• ACTIVITY
Retype exactly what appears below from the line containing "Volvo V60 II" down to the line containing "Xe tải bất ngờ", keeping both end lines. Do not include pictures.

• RECORDS

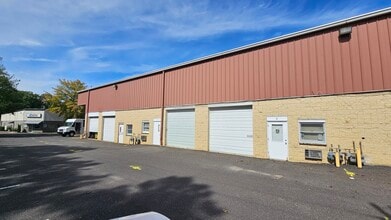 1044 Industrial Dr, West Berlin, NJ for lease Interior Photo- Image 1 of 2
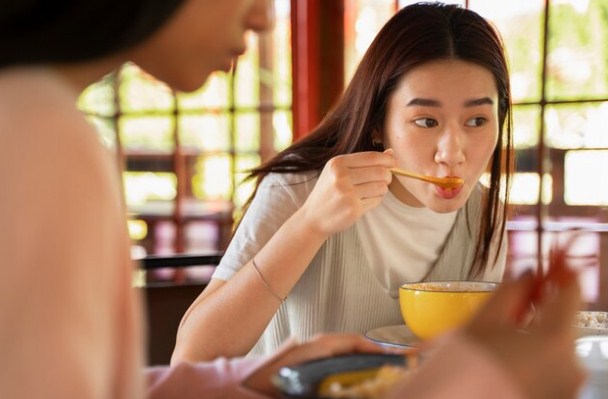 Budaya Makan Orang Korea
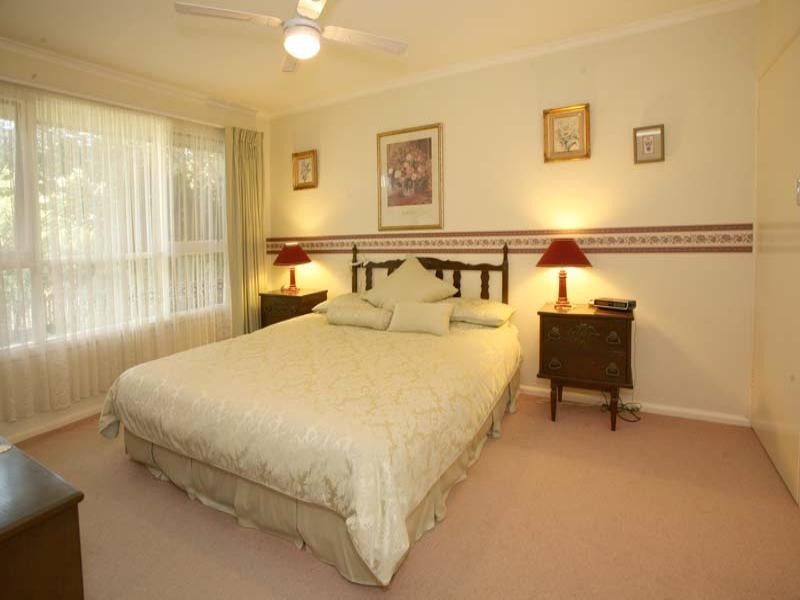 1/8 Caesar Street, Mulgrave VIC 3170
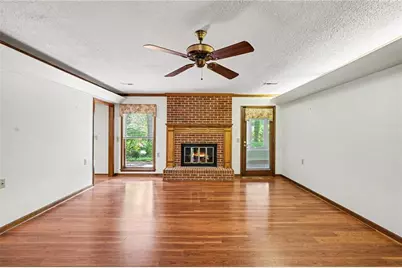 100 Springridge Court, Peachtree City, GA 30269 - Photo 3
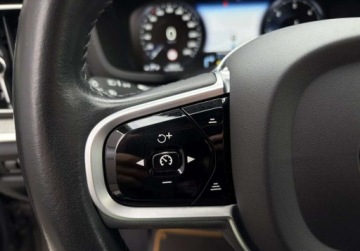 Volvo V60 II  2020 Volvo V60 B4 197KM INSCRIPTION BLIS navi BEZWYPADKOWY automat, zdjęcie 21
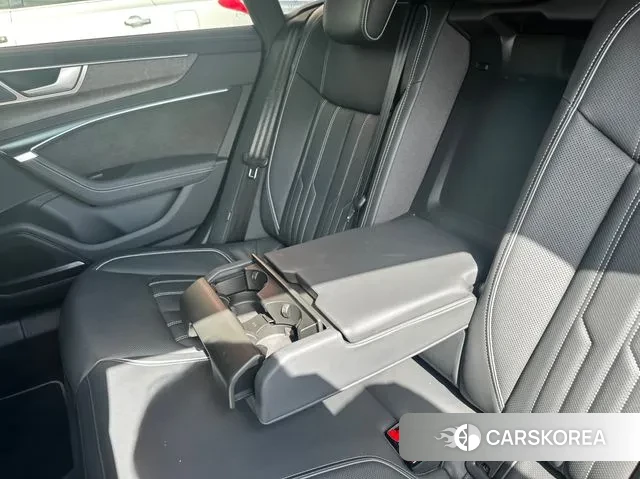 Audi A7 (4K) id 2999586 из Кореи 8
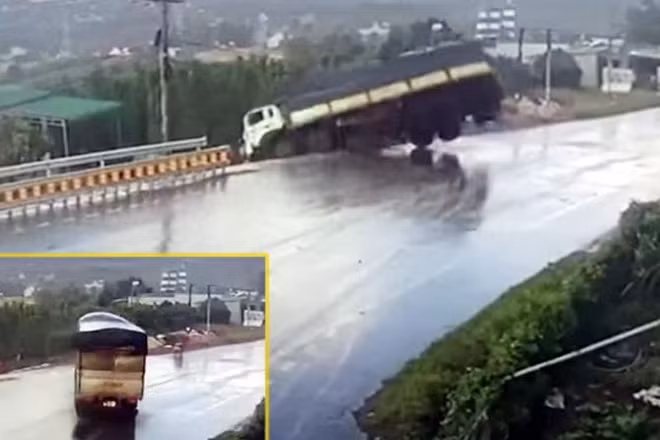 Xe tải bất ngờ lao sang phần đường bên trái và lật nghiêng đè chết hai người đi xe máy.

---

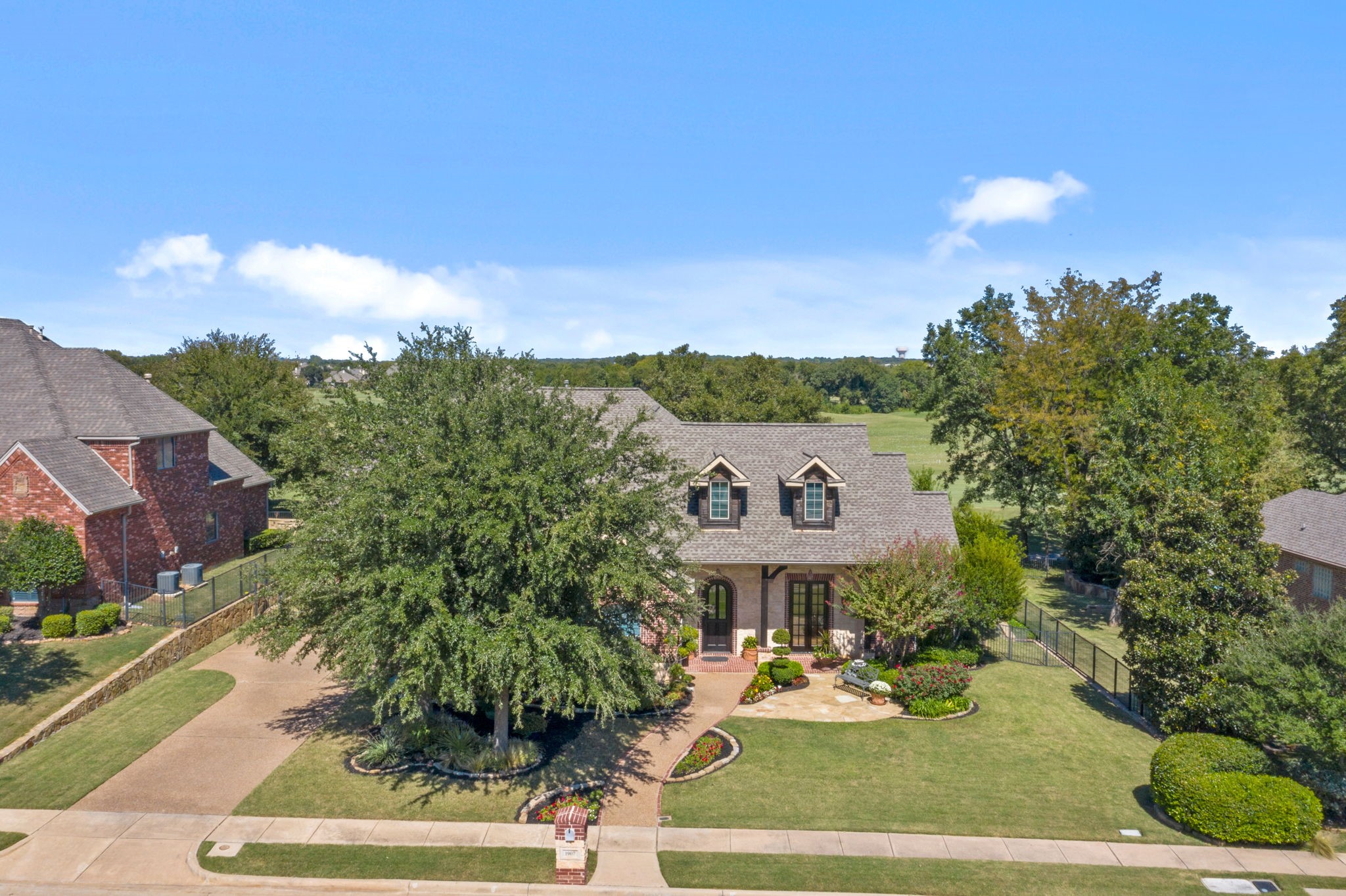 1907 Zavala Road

--

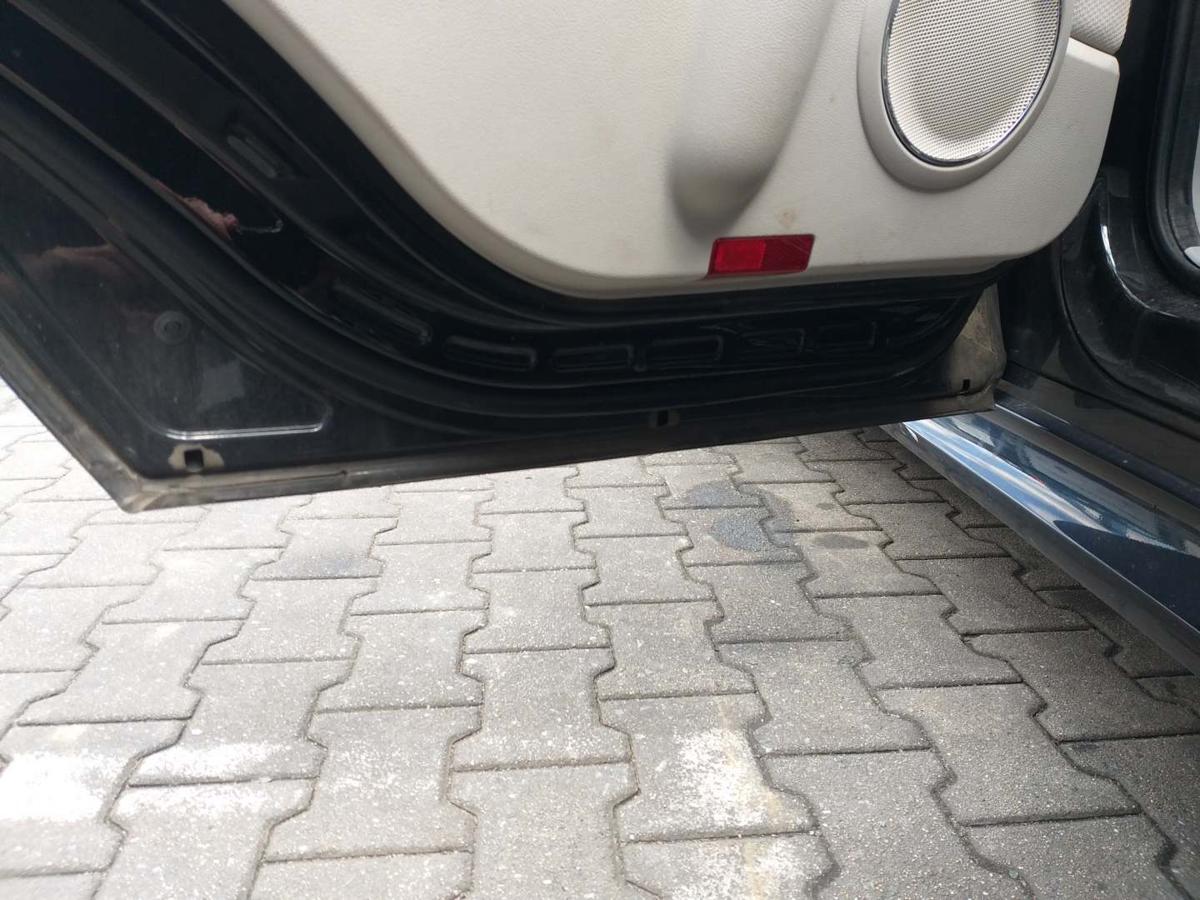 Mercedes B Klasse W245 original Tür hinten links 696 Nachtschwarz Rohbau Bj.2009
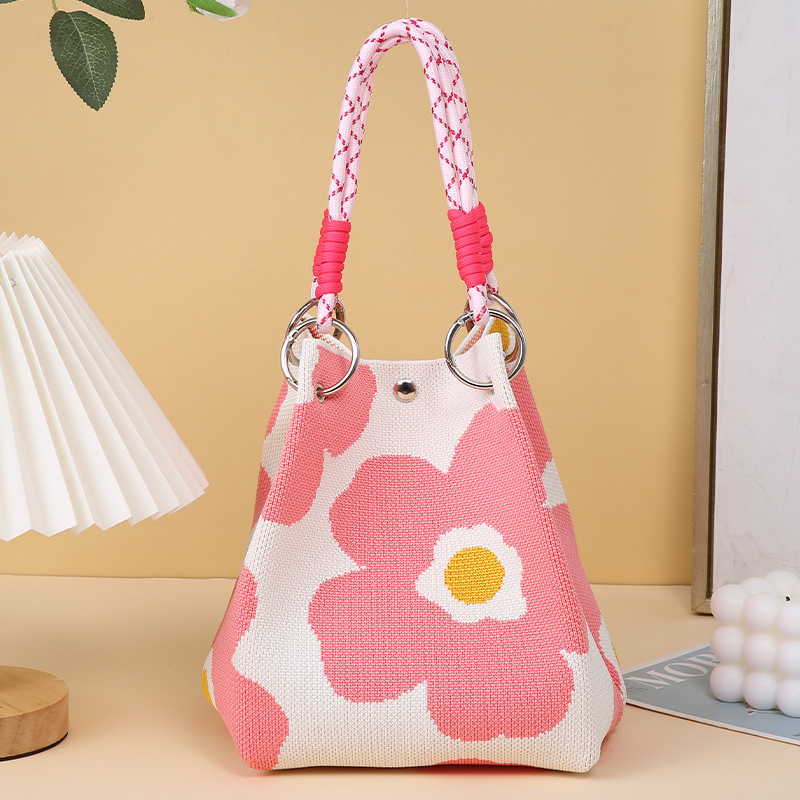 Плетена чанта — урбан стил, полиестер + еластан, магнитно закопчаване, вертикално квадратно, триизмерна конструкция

• REPLY TO THE EXERCISE
 Volvo V60 II  2020 Volvo V60 B4 197KM INSCRIPTION BLIS navi BEZWYPADKOWY automat, zdjęcie 21
 Audi A7 (4K) id 2999586 из Кореи 8
 Xe tải bất ngờ lao sang phần đường bên trái và lật nghiêng đè chết hai người đi xe máy.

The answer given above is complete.